Goal of the exercise: Word for word, restate the data that follows, omitting the images.

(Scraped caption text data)
*** Block opens ***

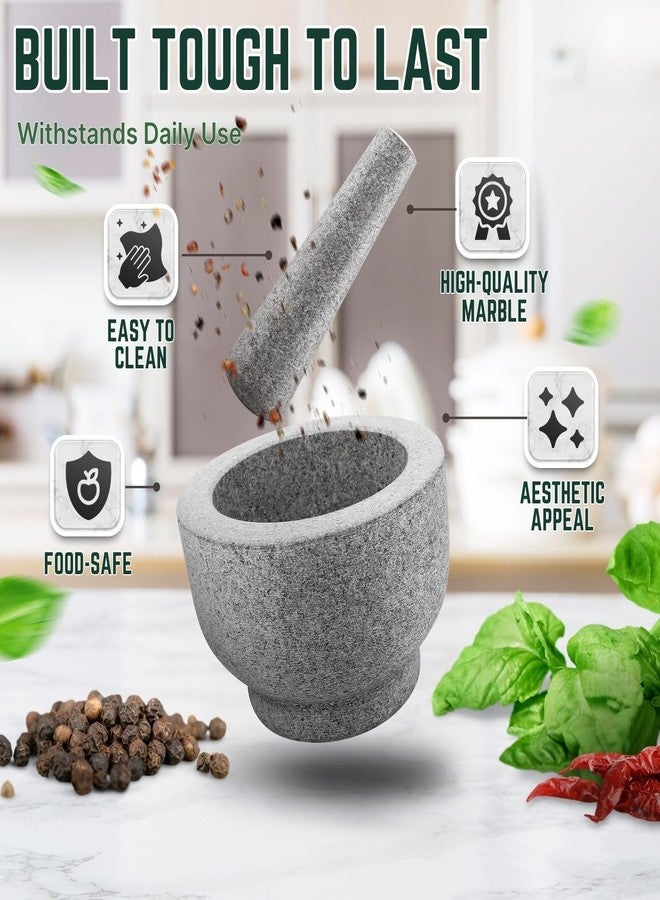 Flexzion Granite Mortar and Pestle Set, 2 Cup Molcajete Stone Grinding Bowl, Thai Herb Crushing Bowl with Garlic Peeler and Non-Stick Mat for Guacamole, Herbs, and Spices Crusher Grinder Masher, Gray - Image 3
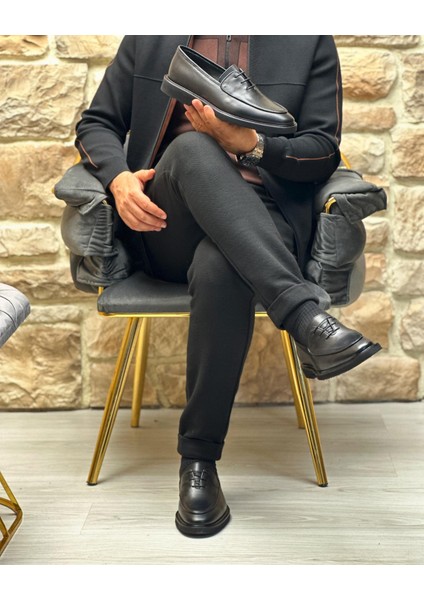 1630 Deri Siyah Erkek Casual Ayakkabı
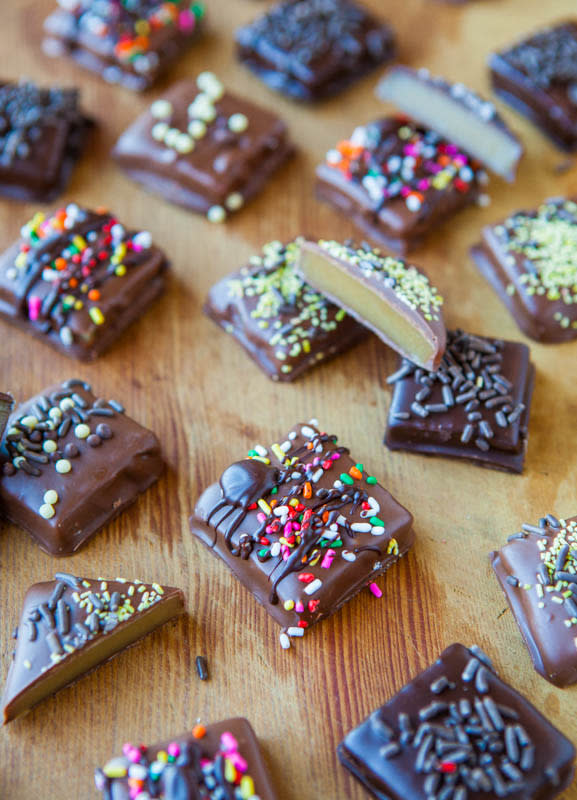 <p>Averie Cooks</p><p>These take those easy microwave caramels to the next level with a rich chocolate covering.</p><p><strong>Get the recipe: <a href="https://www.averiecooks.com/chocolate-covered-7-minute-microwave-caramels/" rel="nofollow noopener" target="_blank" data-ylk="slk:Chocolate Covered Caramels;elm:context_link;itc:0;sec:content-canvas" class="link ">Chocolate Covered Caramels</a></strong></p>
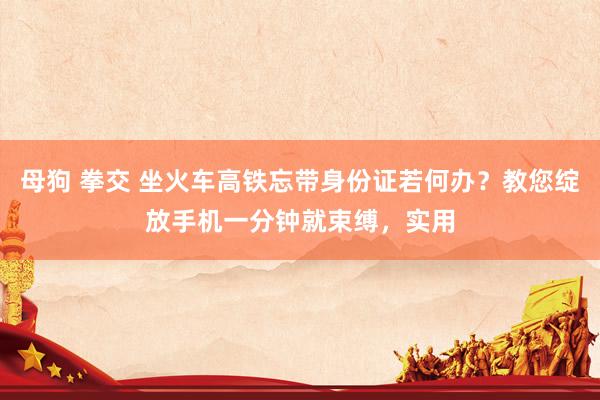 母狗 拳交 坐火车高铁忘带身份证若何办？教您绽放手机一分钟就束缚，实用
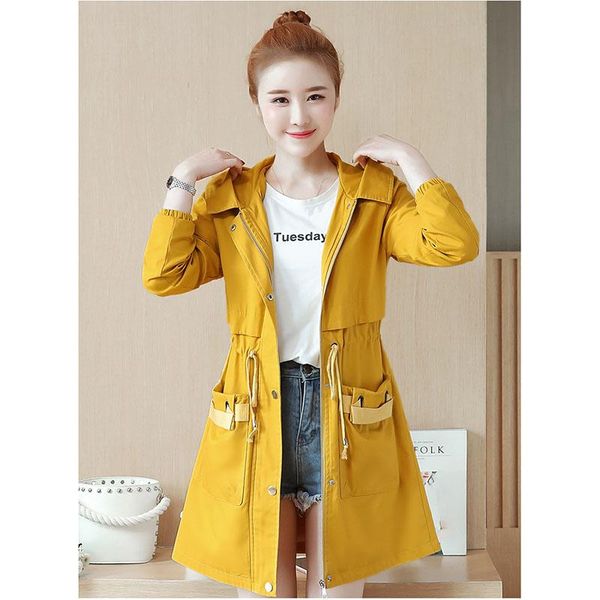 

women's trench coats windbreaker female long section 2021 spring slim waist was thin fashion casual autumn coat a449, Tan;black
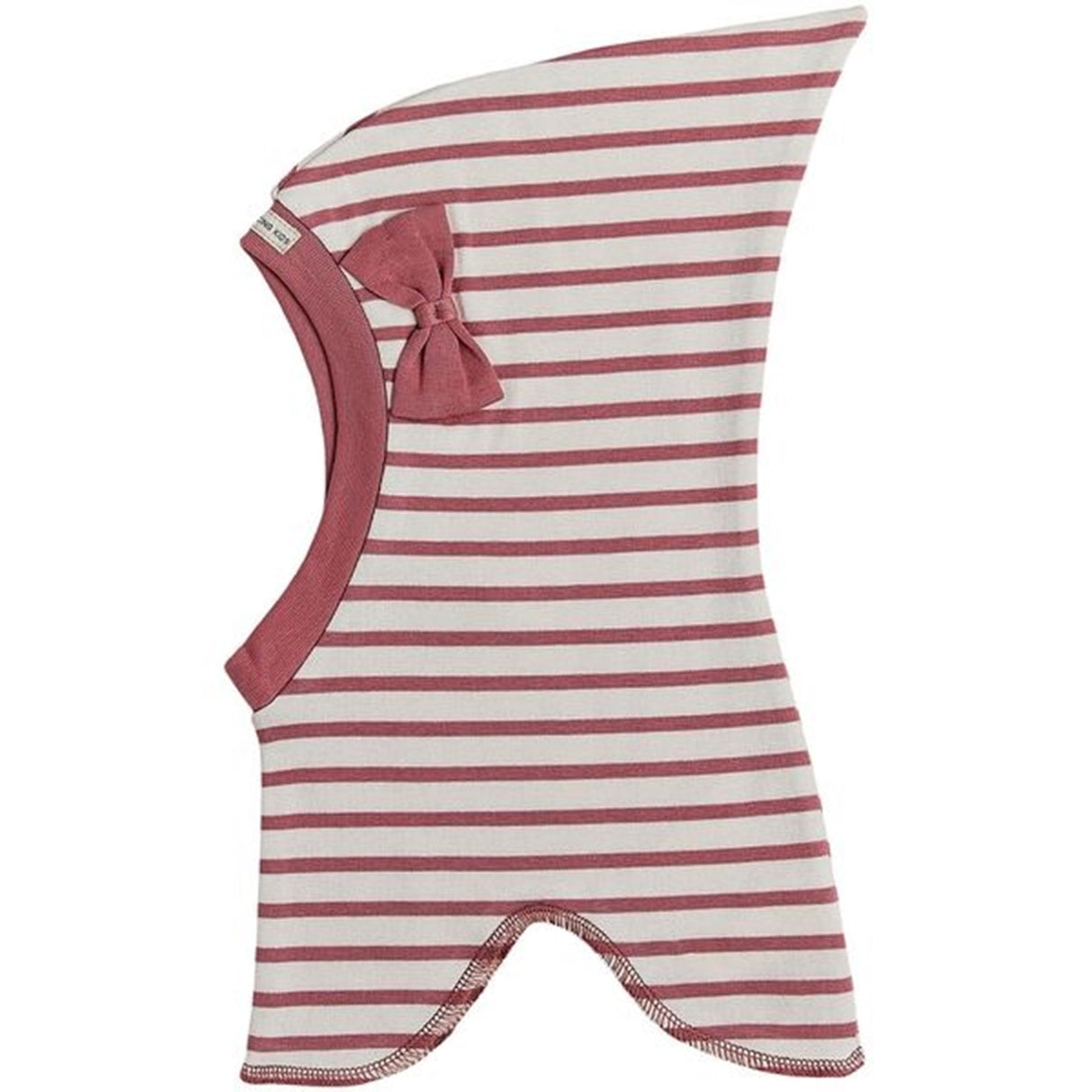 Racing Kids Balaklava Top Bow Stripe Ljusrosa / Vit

*** Block closes ***

Output:
 Flexzion Granite Mortar and Pestle Set, 2 Cup Molcajete Stone Grinding Bowl, Thai Herb Crushing Bowl with Garlic Peeler and Non-Stick Mat for Guacamole, Herbs, and Spices Crusher Grinder Masher, Gray - Image 3
 1630 Deri Siyah Erkek Casual Ayakkabı
 <p>Averie Cooks</p><p>These take those easy microwave caramels to the next level with a rich chocolate covering.</p><p><strong>Get the recipe: <a href="https://www.averiecooks.com/chocolate-covered-7-minute-microwave-caramels/" rel="nofollow noopener" target="_blank" data-ylk="slk:Chocolate Covered Caramels;elm:context_link;itc:0;sec:content-canvas" class="link ">Chocolate Covered Caramels</a></strong></p>
 母狗 拳交 坐火车高铁忘带身份证若何办？教您绽放手机一分钟就束缚，实用

women's trench coats windbreaker female long section 2021 spring slim waist was thin fashion casual autumn coat a449, Tan;black
 Racing Kids Balaklava Top Bow Stripe Ljusrosa / Vit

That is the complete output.